Food delivery drivers make up about 10 per cent, while delivery drivers in the hospitality sector account for 2 per cent.(Image: Beverages Digests) The Beverages digest report found that food delivery has more than doubled in the last 10 years and that the average cost per litre of water has risen by nearly 30 per cent over the same period.
This has led to more people turning to drinking water in the form of ice-cube containers.
Although this trend is still fairly slow compared to other delivery services, Hulman said that there was no need to be complacent.
“I think the industry needs a lot more support.
We’re still very much dependent on the hospitality industry and it’s very much an industry that needs to be looked at,” he added.
Beverages Digest is currently seeking the endorsement of delivery drivers from their industry to increase efficiency and reduce wastage in the industry.
A new study also found that the number of food delivery vehicles is rising.
According to BeveragesDigests data, there are currently 1,600 food delivery businesses operating in the US.
While this is a small number compared to the 5.2 million food delivery riders in the country, it represents a significant increase.
Currently, food delivery is more than double the number that are employed by hotels.
Hulme added that he believes that the industry is moving towards a tipping culture, which is something that food service drivers are also well aware of.
As food delivery becomes more common, consumers will also need to look out for the ingredients used to make their own drinks, and the potential contamination of their drink containers.
(Image: JOE REYNOLDS) This could mean that water is becoming a more common ingredient for drinking in some establishments.
These types of contamination, which are still relatively rare, have been detected in some food packaging.
An industry spokesperson said that a major concern for the industry was that consumers are consuming too much water, with the average UK household consuming around a third of their daily requirements of water.

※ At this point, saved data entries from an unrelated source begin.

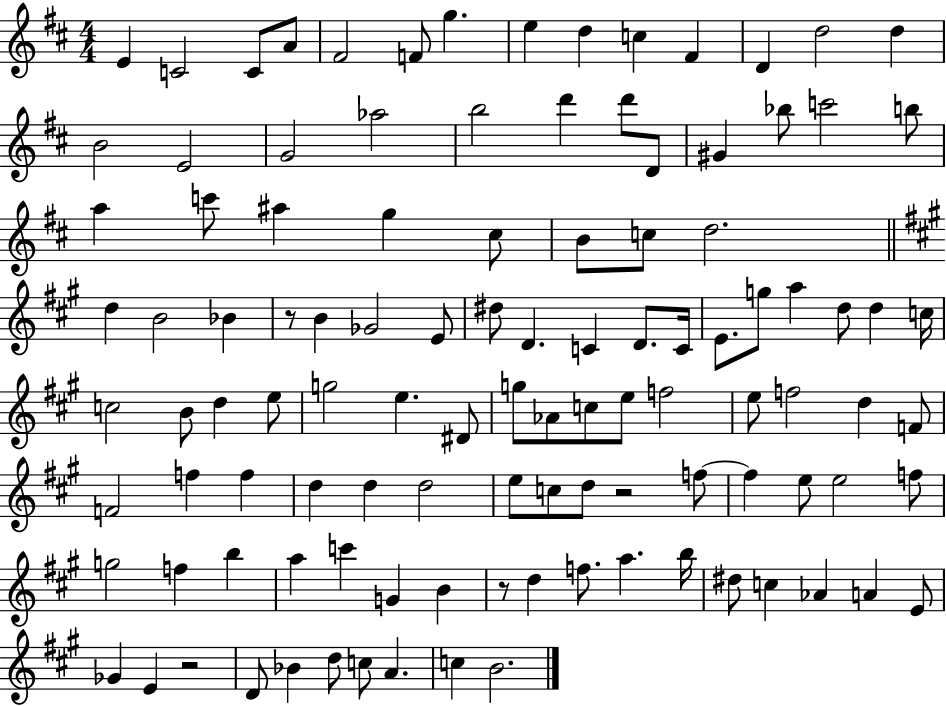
X:1
T:Untitled
M:4/4
L:1/4
K:D
E C2 C/2 A/2 ^F2 F/2 g e d c ^F D d2 d B2 E2 G2 _a2 b2 d' d'/2 D/2 ^G _b/2 c'2 b/2 a c'/2 ^a g ^c/2 B/2 c/2 d2 d B2 _B z/2 B _G2 E/2 ^d/2 D C D/2 C/4 E/2 g/2 a d/2 d c/4 c2 B/2 d e/2 g2 e ^D/2 g/2 _A/2 c/2 e/2 f2 e/2 f2 d F/2 F2 f f d d d2 e/2 c/2 d/2 z2 f/2 f e/2 e2 f/2 g2 f b a c' G B z/2 d f/2 a b/4 ^d/2 c _A A E/2 _G E z2 D/2 _B d/2 c/2 A c B2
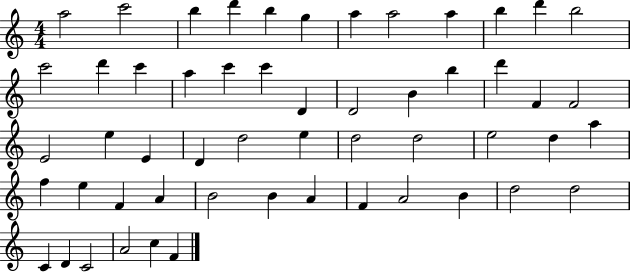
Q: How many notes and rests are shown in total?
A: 54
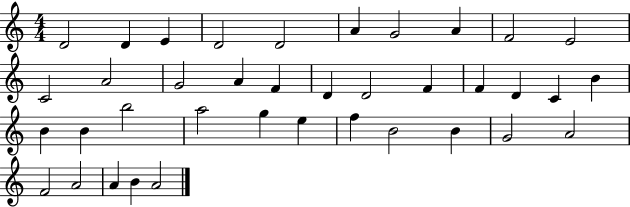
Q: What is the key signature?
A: C major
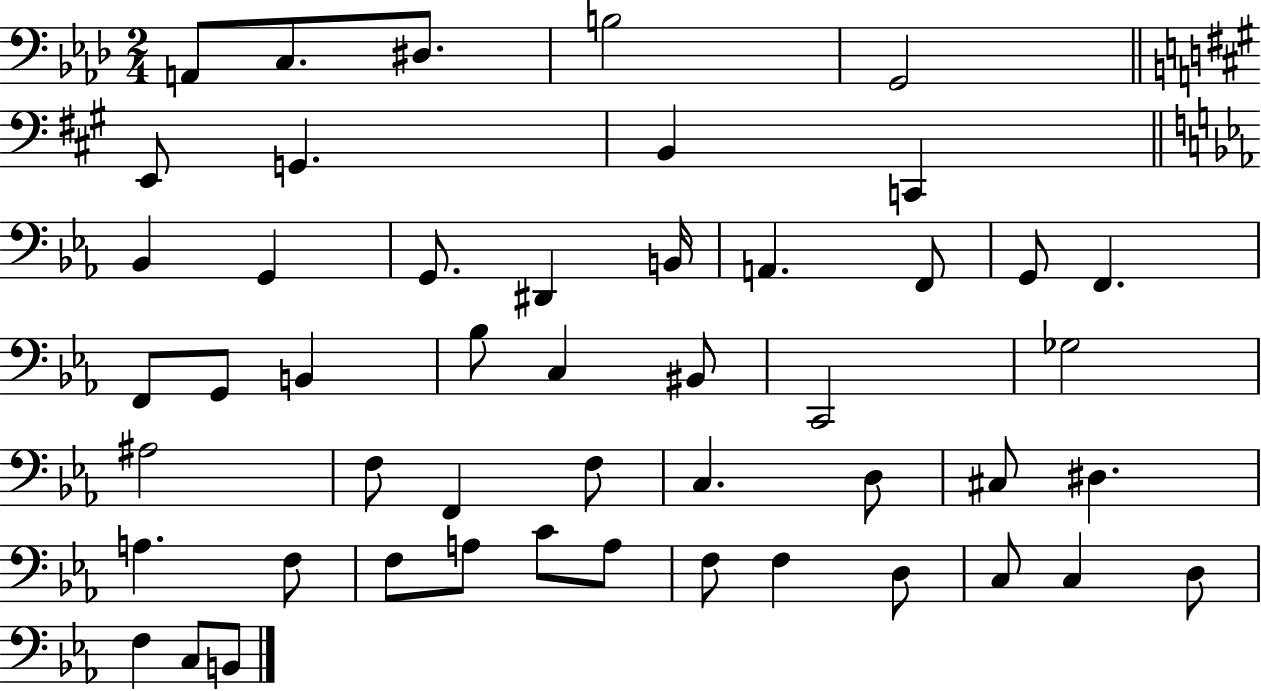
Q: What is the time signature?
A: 2/4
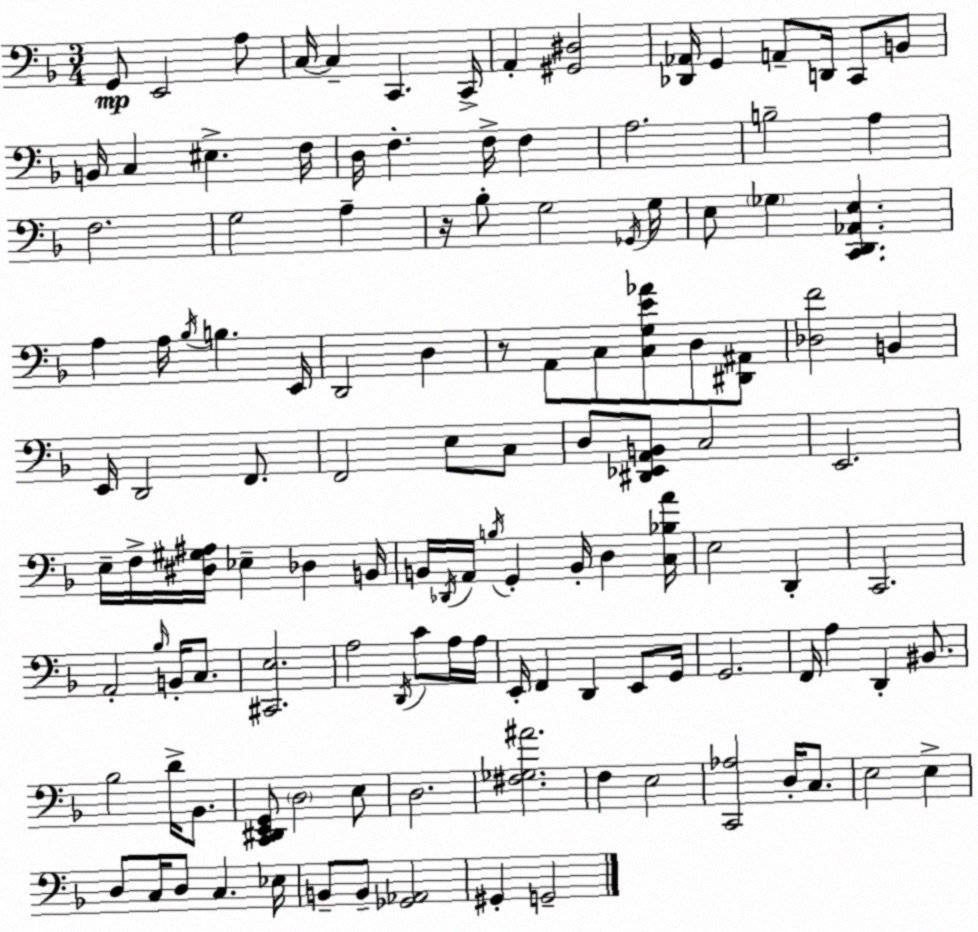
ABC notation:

X:1
T:Untitled
M:3/4
L:1/4
K:F
G,,/2 E,,2 A,/2 C,/4 C, C,, C,,/4 A,, [^G,,^D,]2 [_D,,_A,,]/4 G,, A,,/2 D,,/4 C,,/2 B,,/2 B,,/4 C, ^E, F,/4 D,/4 F, F,/4 F, A,2 B,2 A, F,2 G,2 A, z/4 _B,/2 G,2 _G,,/4 G,/4 E,/2 _G, [C,,D,,_A,,E,] A, A,/4 _B,/4 B, E,,/4 D,,2 D, z/2 A,,/2 C,/2 [C,G,E_A]/2 D,/2 [^D,,^A,,]/2 [_D,F]2 B,, E,,/4 D,,2 F,,/2 F,,2 E,/2 C,/2 D,/2 [^D,,_E,,A,,B,,]/2 C,2 E,,2 E,/4 F,/4 [^D,^G,^A,]/4 _E, _D, B,,/4 B,,/4 _D,,/4 A,,/4 B,/4 G,, B,,/4 D, [C,_B,A]/4 E,2 D,, C,,2 A,,2 _B,/4 B,,/4 C,/2 [^C,,E,]2 A,2 D,,/4 C/2 A,/4 A,/4 E,,/4 F,, D,, E,,/2 G,,/4 G,,2 F,,/4 A, D,, ^B,,/2 _B,2 D/4 _B,,/2 [C,,^D,,E,,G,,]/2 D,2 E,/2 D,2 [^F,_G,^A]2 F, E,2 [C,,_A,]2 D,/4 C,/2 E,2 E, D,/2 C,/4 D,/2 C, _E,/4 B,,/2 B,,/2 [_G,,_A,,]2 ^G,, G,,2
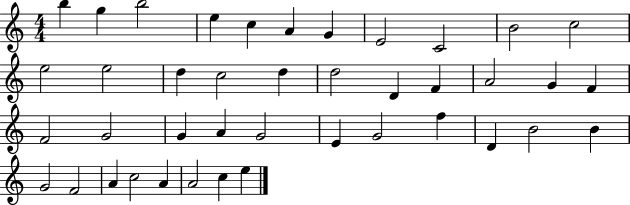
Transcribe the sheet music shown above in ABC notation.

X:1
T:Untitled
M:4/4
L:1/4
K:C
b g b2 e c A G E2 C2 B2 c2 e2 e2 d c2 d d2 D F A2 G F F2 G2 G A G2 E G2 f D B2 B G2 F2 A c2 A A2 c e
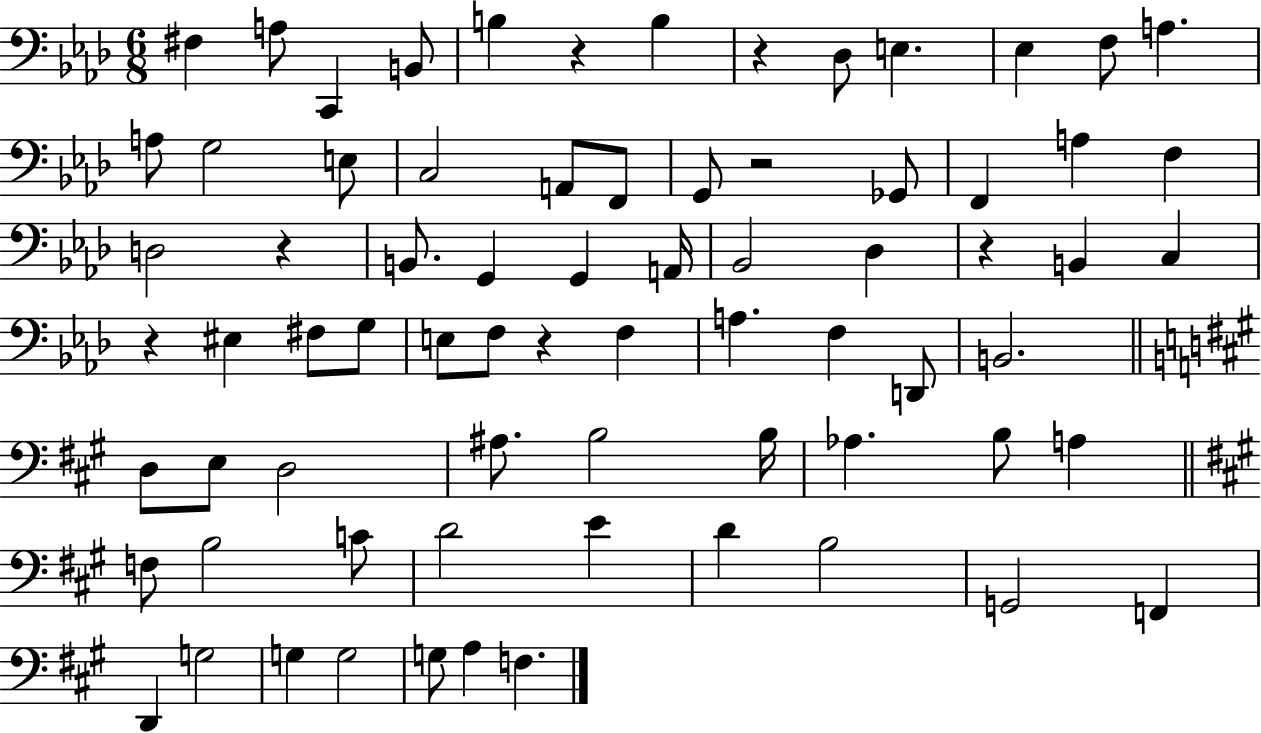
{
  \clef bass
  \numericTimeSignature
  \time 6/8
  \key aes \major
  fis4 a8 c,4 b,8 | b4 r4 b4 | r4 des8 e4. | ees4 f8 a4. | \break a8 g2 e8 | c2 a,8 f,8 | g,8 r2 ges,8 | f,4 a4 f4 | \break d2 r4 | b,8. g,4 g,4 a,16 | bes,2 des4 | r4 b,4 c4 | \break r4 eis4 fis8 g8 | e8 f8 r4 f4 | a4. f4 d,8 | b,2. | \break \bar "||" \break \key a \major d8 e8 d2 | ais8. b2 b16 | aes4. b8 a4 | \bar "||" \break \key a \major f8 b2 c'8 | d'2 e'4 | d'4 b2 | g,2 f,4 | \break d,4 g2 | g4 g2 | g8 a4 f4. | \bar "|."
}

The Beverage Association has previously warned that consumers could be exposed to contaminants during their meals.
And the association said that water safety was the biggest issue facing the industry today.
If consumers drink from a dispenser or other water dispensing devices, the water used could be contaminated with chemicals such as chlorine, lead, or even the colour yellow, which has been linked to cancer.
Last month, the British Medical Association (BMA) called for further research into the safety of bottled tap water in order to determine the risks of consumption of water containing chlorine.